Your goal - Go through the following data and transcribe exactly the stretch of lines from the one holding "Leon White es" to the one holding "Double King Suite, Canary", both included.

Task material -
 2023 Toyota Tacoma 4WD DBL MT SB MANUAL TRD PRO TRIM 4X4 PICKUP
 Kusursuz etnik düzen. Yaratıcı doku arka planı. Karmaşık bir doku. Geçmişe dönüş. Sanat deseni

==

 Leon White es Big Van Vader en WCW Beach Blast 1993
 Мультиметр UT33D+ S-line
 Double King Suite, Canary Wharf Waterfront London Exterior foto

Exercise result -
 Leon White es Big Van Vader en WCW Beach Blast 1993
 Мультиметр UT33D+ S-line
 Double King Suite, Canary Wharf Waterfront London Exterior foto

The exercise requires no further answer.